I found a crude string comparison in a paper I am reading done as follows:

The equation they use is as follows (extracted from the paper with small word changes to make it more general and readable) I have tried to explain a bit more in my own words since the description by the author is not very clear (using an example by the author)

For example for 2 sequences ABCDE and BCEFA, there are two possible graphs

graph 1) which connects B with BC with C and E with E

graph 2) connects A with A

I cannot connect A with A when I am connecting the other three (graph 1) since that would be crossing lines (imagine you draw lines between BB, CC and EE); that is the line inking AA will cross the lines linking BB, CC and EE. So these two sequences result in 2 possible graphs; one has 3 connections (BB, CC and EE) and the other only one (AA) then I calculate the score d as given by the equation below.
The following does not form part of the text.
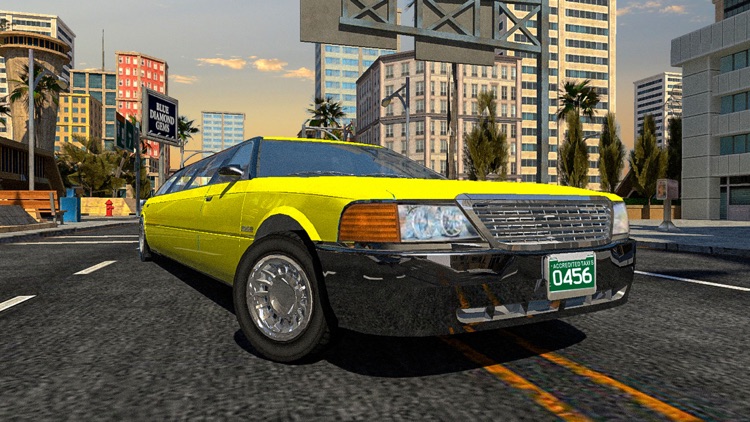 limo driver city cab screenshot-3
Consequently, to define the degree of similarity between two penta-strings we calculate the distance d between them. Aligning the two penta-strings, we look for all the identities between their characters, wherever these may be located. If each identity is represented by a link between both penta-strings, we define a graph for this pair. We call any part of this graph a configuration.

Next, we retain all of those configurations in which there is no character cross pairing (the meaning is explained in my example above, ie, no crossings of links between identical characters and only those graphs are retained). Each of these is then evaluated as a function of the number p of characters related to the graph, the shifting Δi for the corresponding pairs and the gap δij between connected characters of each penta-string. The minimum value is chosen as characteristic and is called distance d: d Min(50 – 10p + ΣΔi + Σδij) Although very rough, this measure is generally in good agreement with the qualitative eye guided estimation. For instance, the distance between abcde and abcfg is 20, whereas that between abcde and abfcg is 23 =(50 – 30 + 1 +2).

I am confused as to how to go about doing this. Any suggestions to help me would be much appreciated.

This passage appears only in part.